_What this task involves:_
Transcribe the whole listing below. Pictures do not go in the copy.

_Provided data:_
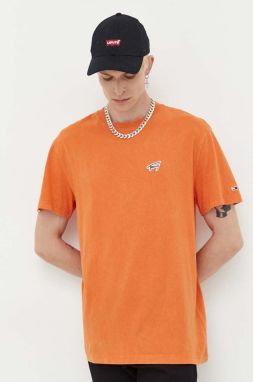 Bavlnené tričko Tommy Jeans oranžová farba, jednofarebný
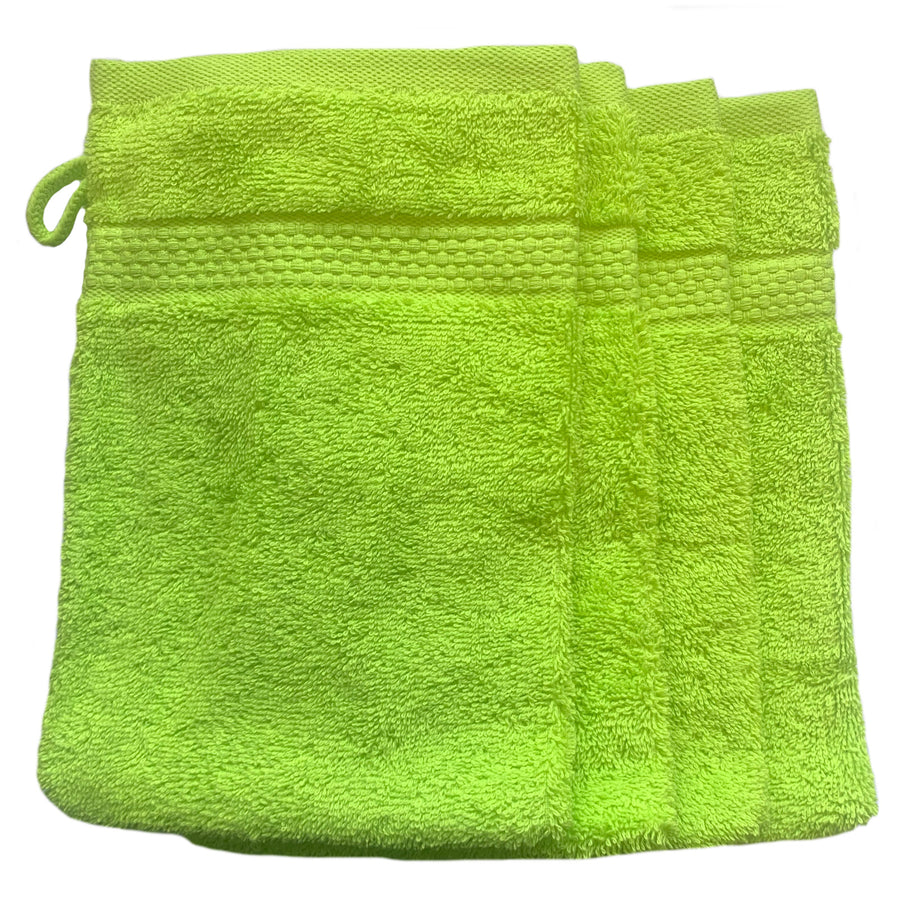 Face Cloth Wash Mitt Set Turkish Cotton Lime Green
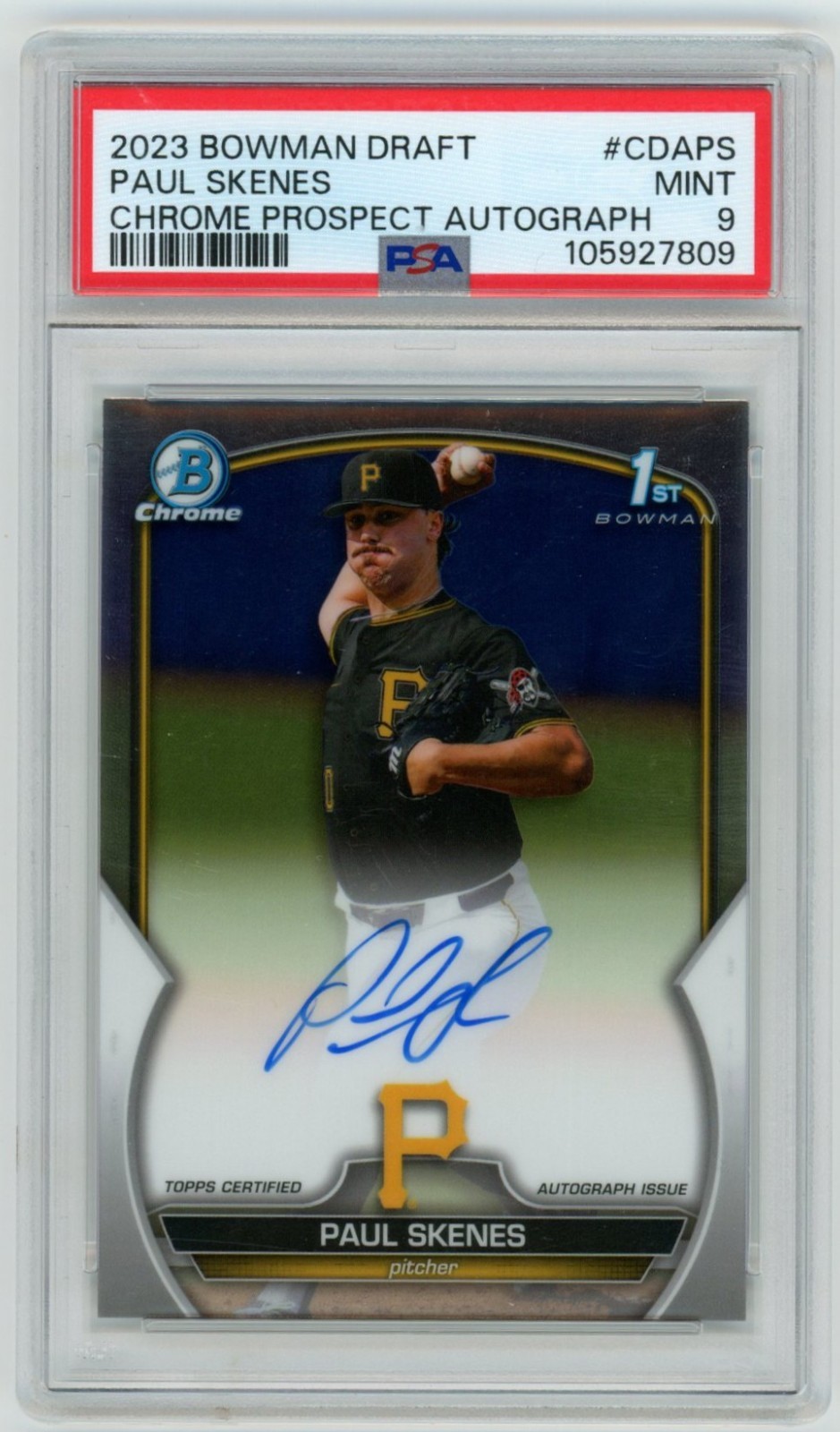 PSA 9 2023 BOWMAN DRAFT CHROME Paul Skenes PROSPECT AUTO #CDAPS Pirates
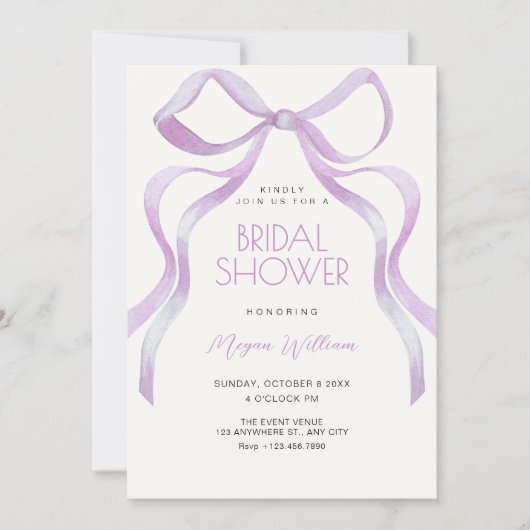 Bow ribbon bridal shower kaart (Voorkant)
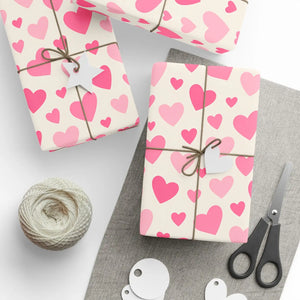 Pink heart wrapping paper roll – romantic valentine’s gift wrap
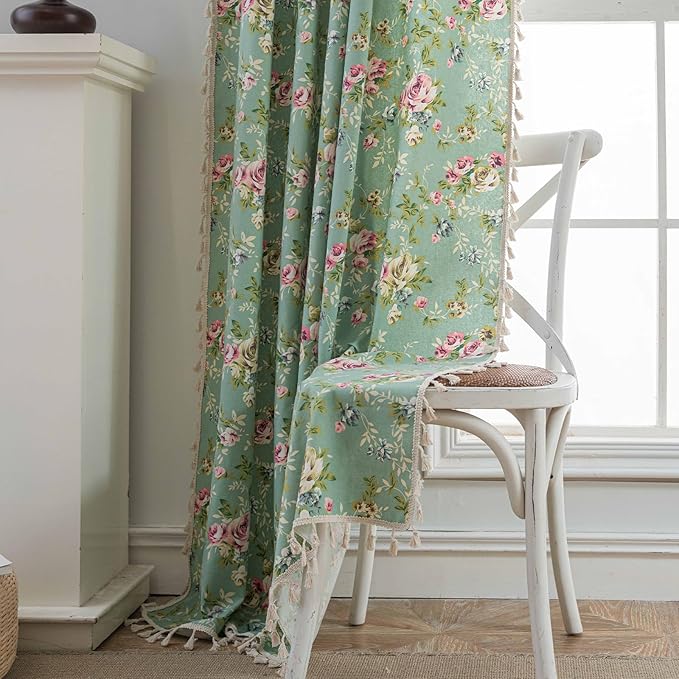 OYX Boho Curtains 84 Inch Length 2 Panels for Living Room, Bedroom Light Filtering Drapes, Farmhouse Vintage Country French Rustic Tassels Pattern Rod Pocket Aesthetic Decor Window Treatments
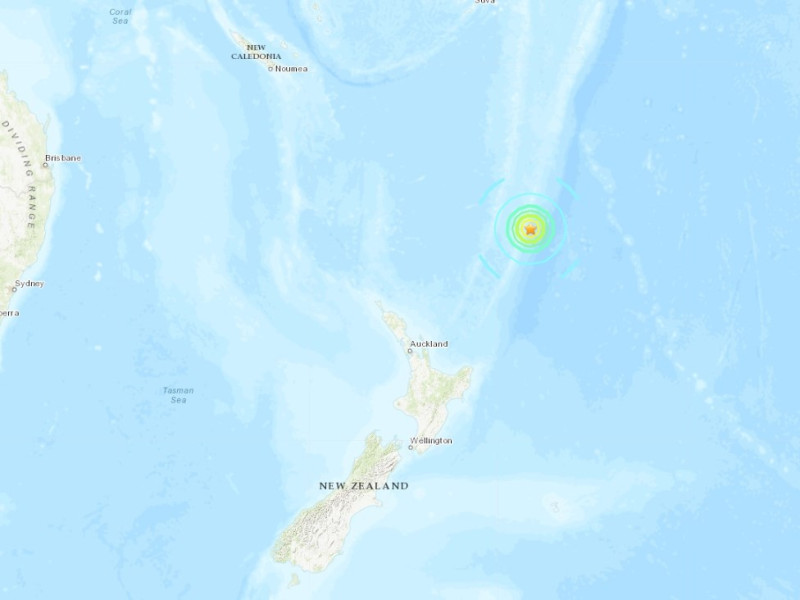 紐西蘭東北無人居住的克馬得群島附近16日發生芮氏規模7.4地震。   （圖取自USGS網頁earthquake.usgs.gov）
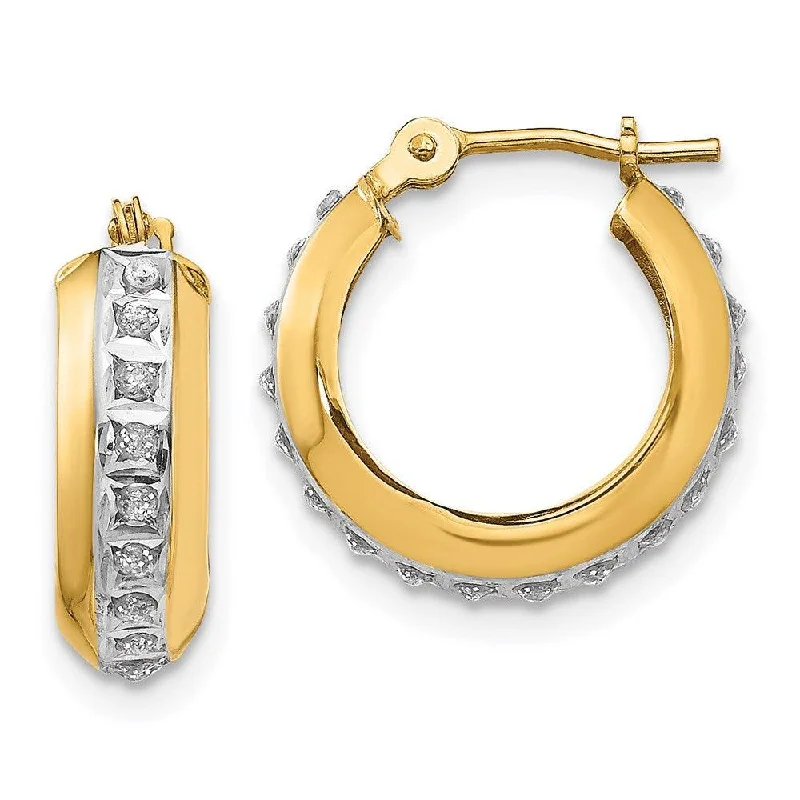 Women's leather earrings-14kDiamond Fascination Round Huggy Hinged Hoop Earrings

_Solution:_
 Bavlnené tričko Tommy Jeans oranžová farba, jednofarebný
 Face Cloth Wash Mitt Set Turkish Cotton Lime Green
 PSA 9 2023 BOWMAN DRAFT CHROME Paul Skenes PROSPECT AUTO #CDAPS Pirates
 Bow ribbon bridal shower kaart (Voorkant)
 Pink heart wrapping paper roll – romantic valentine’s gift wrap
 OYX Boho Curtains 84 Inch Length 2 Panels for Living Room, Bedroom Light Filtering Drapes, Farmhouse Vintage Country French Rustic Tassels Pattern Rod Pocket Aesthetic Decor Window Treatments
 紐西蘭東北無人居住的克馬得群島附近16日發生芮氏規模7.4地震。   （圖取自USGS網頁earthquake.usgs.gov）
 Women's leather earrings-14kDiamond Fascination Round Huggy Hinged Hoop Earrings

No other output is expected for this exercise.